Coxístenes: Sim, mas como diz a voz do povo,
que é a mesma de deus, foi para um bem maior. Não fosse isso a 'justiça' não
chegaria ao Palácio do Planalto.
Sócrates: Entendo. Seria aquela fórmula
dita e redita ao quatro ventos ao longo de nossa velha história política, que os
fins justificam os meios?!
Coxístenes: Sócrates! Os deuses devem se
arrepiar com sua capacidade de entendimento. Oh! mestre! Você tem que nos
ajudar a espalhar esse entendimento do novo governo pro mundo!
Sócrates: Fico feliz de receber tal pedido
e irei ao templo ainda hoje para mostrar meu agradecimento aos deuses por poder
espalhar tão bela notícia. Mas, voltando à minha dúvida anterior, e se alguém
me perguntar sobre o fato do político condenado,
o tal adversário do atual governo, também ter dito que os fins justificaram os
meios pelos quais governou?
Coxístenes: Como assim, Sócrates?
Sócrates: Para que pudesse ter minimizado
a fome, gerado empregos, criado reservas cambiais e obras de infraestrutura, além
de boas relações internacionais, comprou votos na assembléia e cobrou propinas
das empreiteiras para membros de seu partido e da oposição e inclusive pro
antigo partido do atual presidente, que hoje anda de braços dados com todo esse
discurso de 'honestidade'.
Cóxistenes: Sócrates, não fosse você um
filósofo grego, eu poderia registrar o que você diz e denunciá-lo. As escolas
despedem professores que dizem esse tipo de coisa.
Sócrates: Céus, que bom tê-lo ao meu lado,
me sinto protegido, mas ainda tenho coisas a lhe perguntar. Caso contrário,
quando for espalhar tal advento, não terei respostas pra tais questionamentos.
Coxístenes: Ainda tem mais, Sócrates?
Sócrates: Sim. Podemos afirmar que o tal
juiz, hoje ministro da justiça, é um homem extremamente honesto e que jamais se
curvaria ante a qualquer ato de corrupção e injustiça?
Coxístenes: Claro. Eis o motivo de sua nomeação
para tão nobre cargo, ser alguém acima de qualquer suspeita.
Sócrates: Digamos que, com certa vista
grossa, podemos mitigar o conflito de interesses desencadeado com a condenação
do adversário do atual presidente, antes das eleições, executada pelo juiz em
questão...
Coxístenes: ...conflito do quê?
Sócrates: ...de interesses. No caso, a
condenação imposta pelo juiz beneficiou o então candidato que venceu as
eleições, que depois o chamou para ministro. Se o juiz tivesse recusado o
convite, 'estaria tudo certo'. Mas é fato que o juiz se beneficiou,
politicamente, da própria sentença. Se considerarmos que a justiça é
representada por uma mulher de os olhos vendados, ocorreu algo de podre no
reino da Dinamarca, não é?
Coxístenes: Mas Sócrates, será que os
jornais não perceberam isso, pois ao ouvi-lo aqui e agora penso que era preciso
urgência em tal questionamento pelos veículo de informação, que por natureza
são obrigados a defender a justiça e a democracia de nossa cidade?! E digo
mais, pelo contrário, alguns parecem que até festejam tal nomeação, como o
jornal O Mundo, o mais lido na cidade.
Sócrates: Creio que os jornais têm cuidado
com o herói que ajudaram a falsificar. Mas juntando isso ao silêncio do próprio
juiz enquanto ministro, nos deparamos com um profundo mal estar. Não o sentes?

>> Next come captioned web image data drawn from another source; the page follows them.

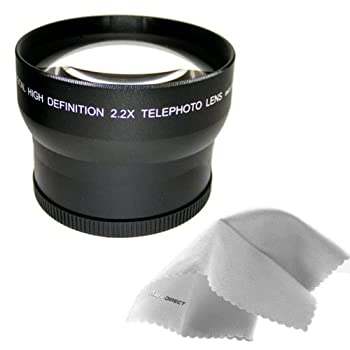 【中古】(未使用品) 2.2X 高望遠レンズ (67mm) for Fujifilm FinePix s200exr + Nwv Directマイクロファイバークリーニングクロス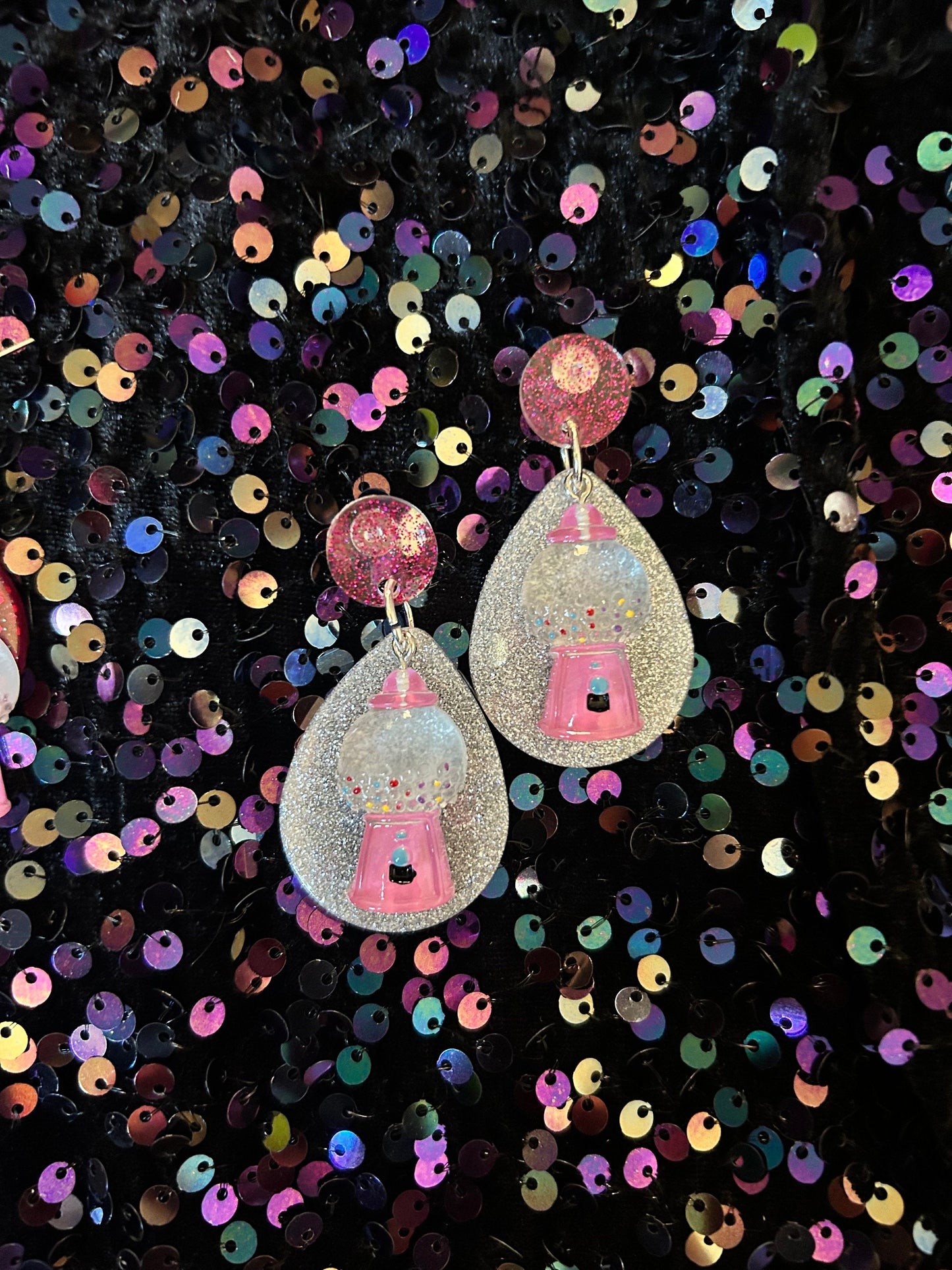 Gumball Earrings | Hubba Bubba or Red Square or Teardrop or Pink Teardrop or Oval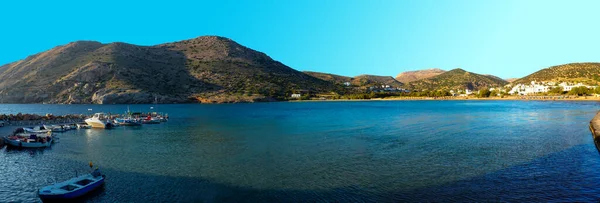 stock image superb panoramic view of the small fishing port of Galissas, on Syros, famous Greek island of the Cyclades archipelago in the heart of the Aegean Sea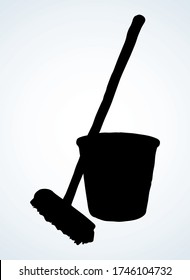 Closeup cleanse trash bristle swob object on white room text space. Outline black hand drawn health liquid swabber rag stick tub pail logo pictogram. Retro cartoon line art close up view bin container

Coxístenes: Sócrates, como assim silêncio,
você me confunde, parece uma mosca que caiu na sopa! Isso sim me dá mal estar!

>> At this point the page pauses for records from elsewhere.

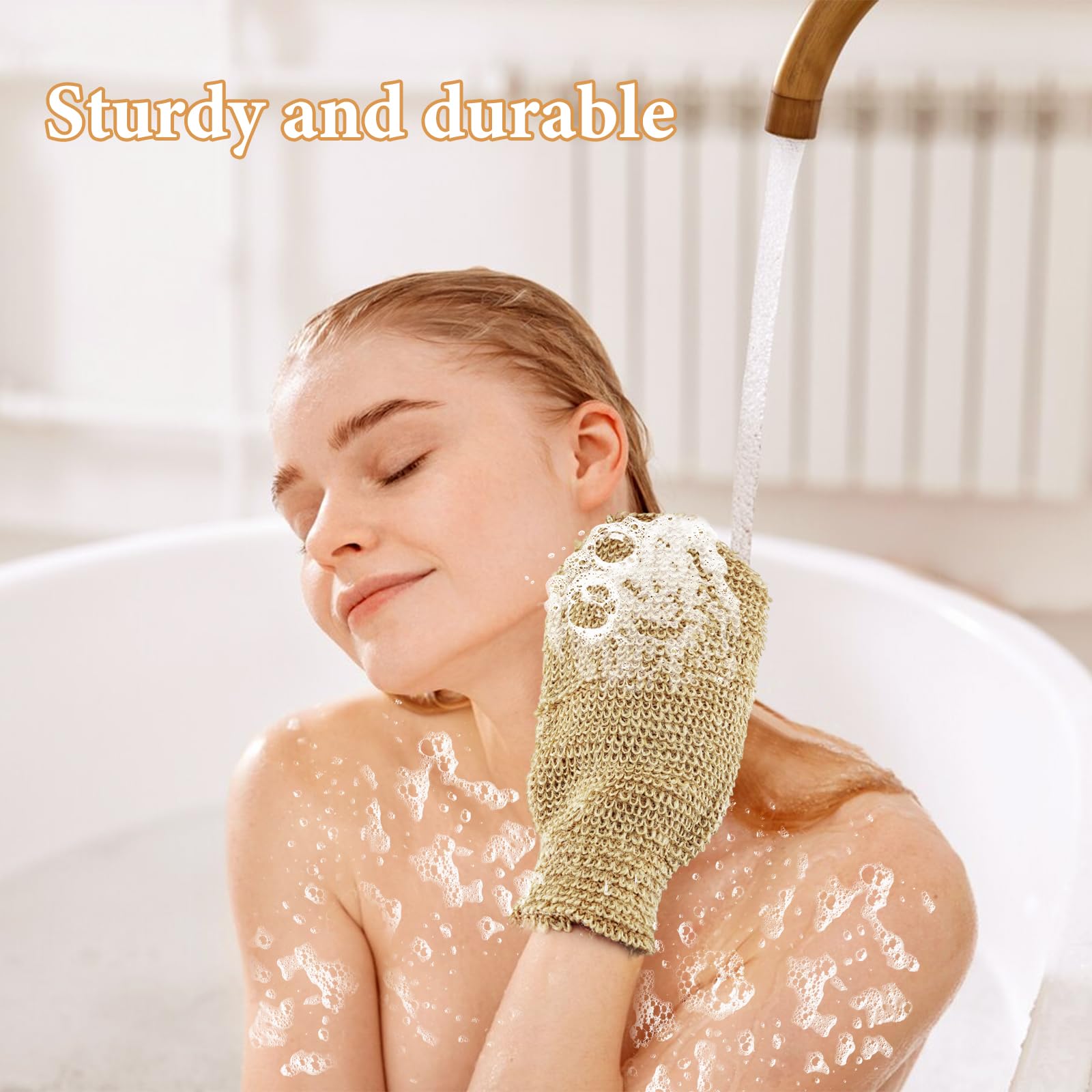 Gant Exfoliant Corps Gant de Crin, Sangle Lave Dos, Sac à Savon Exfoliant en Jute, Lanière Crin Gants Naturel, Accessoires pour le Bain pour Dos Corps Bain Douche Homme Femme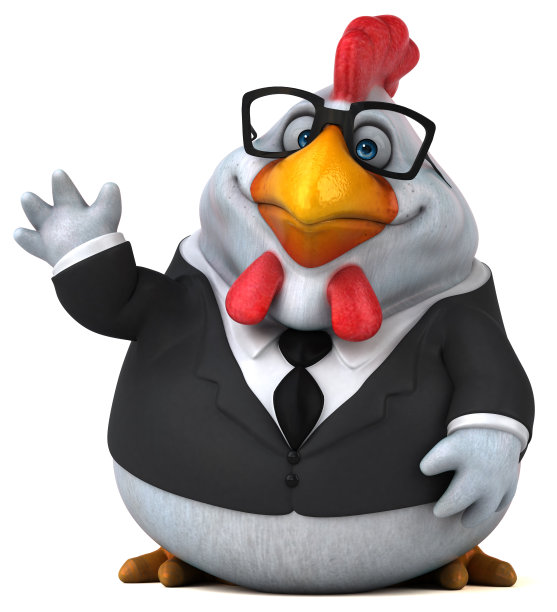 有趣的鸡- 3D插图图片下载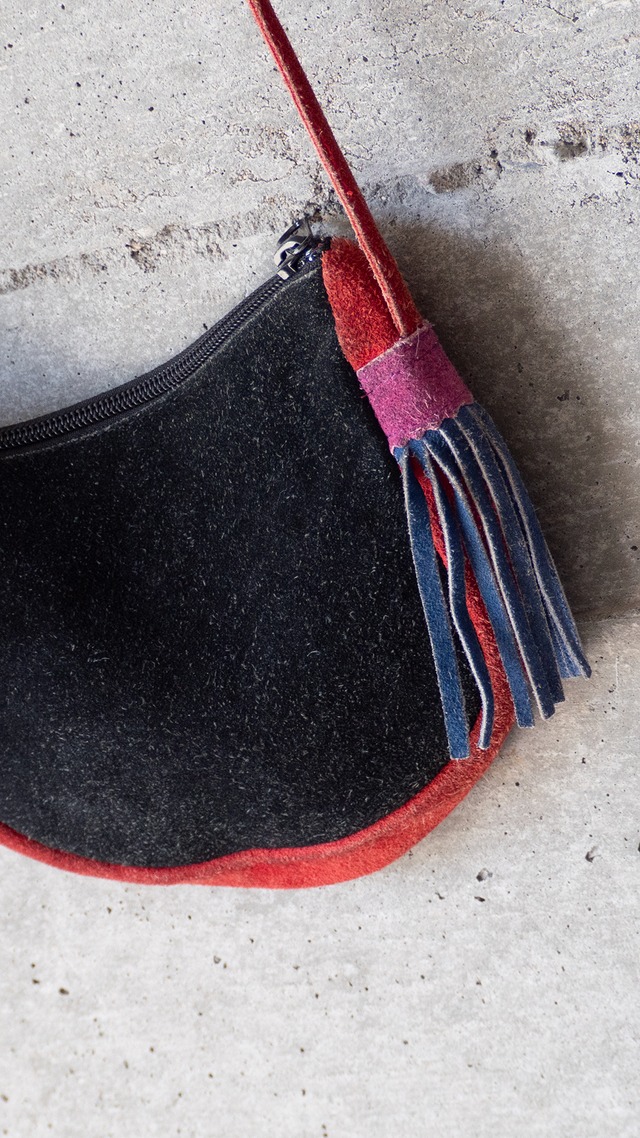 unknown 1990s Suede leather shoulder pouch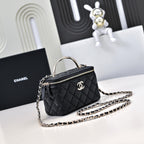 CC 24K Vanity Top Handle 17cm Black Lambskin Silver Hardware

Sócrates: Perdoe-me. Vou mais devagar. Podemos dizer que o tal juiz, agora
ministro, é o exemplo vivo do mais honesto dos homens?
Coxístenes: Mas disso não tenho dúvidas!
Quer dizer, agora tenho algumas, mas diria que a maioria das pessoas pensa que
o dito juiz é incorruptível.
Sócrates: Então, segundo o que você diz,
ele deveria ter se manifestado quando as notícias sobre as possíveis relações
entre a família do atual presidente com os criminosos milicianos repercutiu em
todo lugar, certo? Mas é fato que manteve-se em silêncio. E mais, posso afirmar
que um homem honesto não se cala ante a tamanha barbárie, não é isso?

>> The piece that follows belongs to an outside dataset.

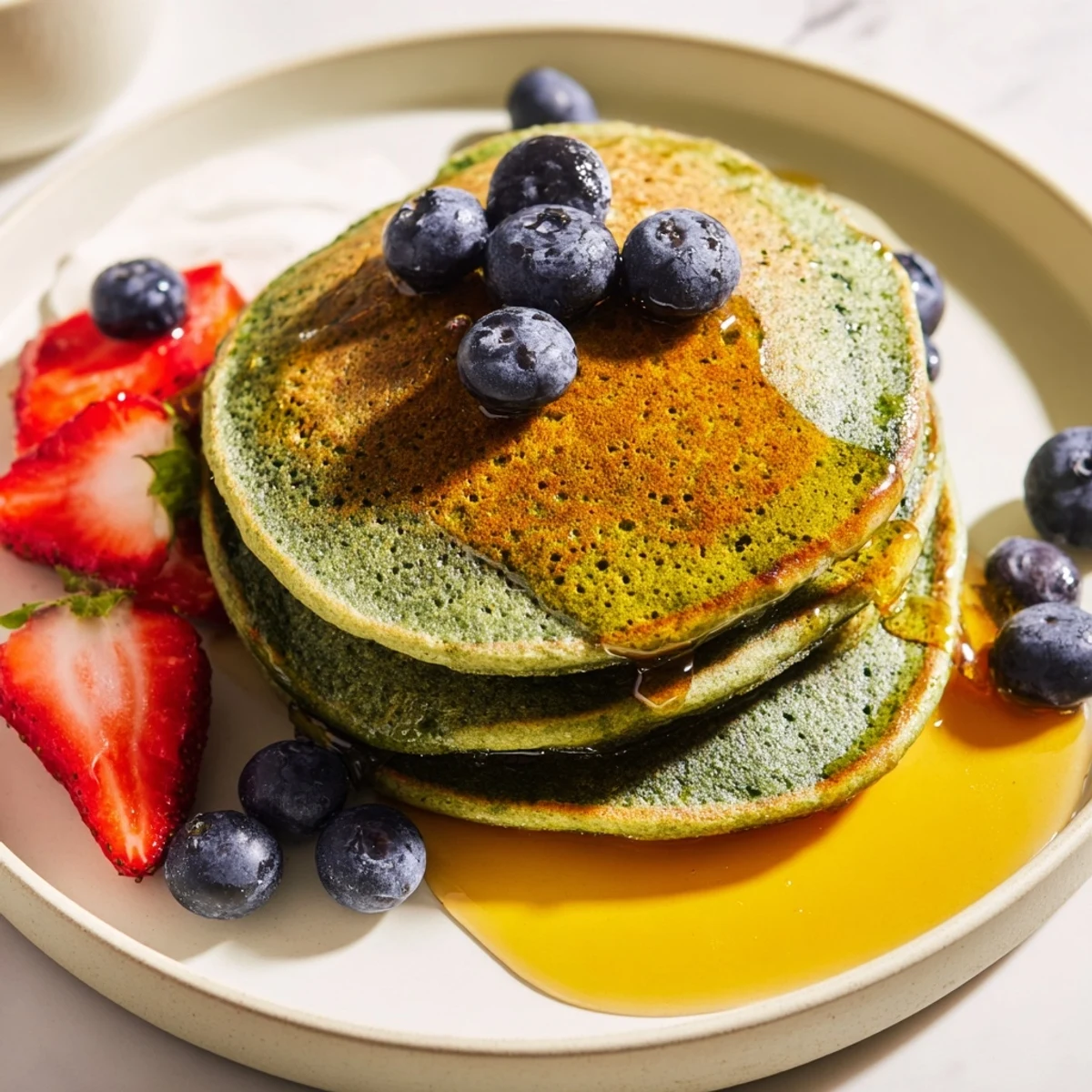 Savory St. Patricks Day Green Spinach Pancakes served with Greek yogurt on a festive brunch plate.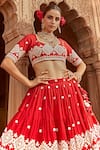 Shop_PREEVIN_Red Lehenga And Blouse Cotton Mulmul Embroidered Mirrorwork Tiered Set _Online_at_Aza_Fashions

Coxístenes: Sócrates, se nos ouvirem nos
matam. Acho melhor pararmos. Podemos
continuar outro dia?
Sócrates. Claro, meu amigo. Podemos até
mudar de assunto, se isso o incomoda.
Coxístenes: Seria maravilhoso. Do que então
conversaríamos?
Sócrates: Que tal sobre a pseudo
necessidade da reforma da previdência?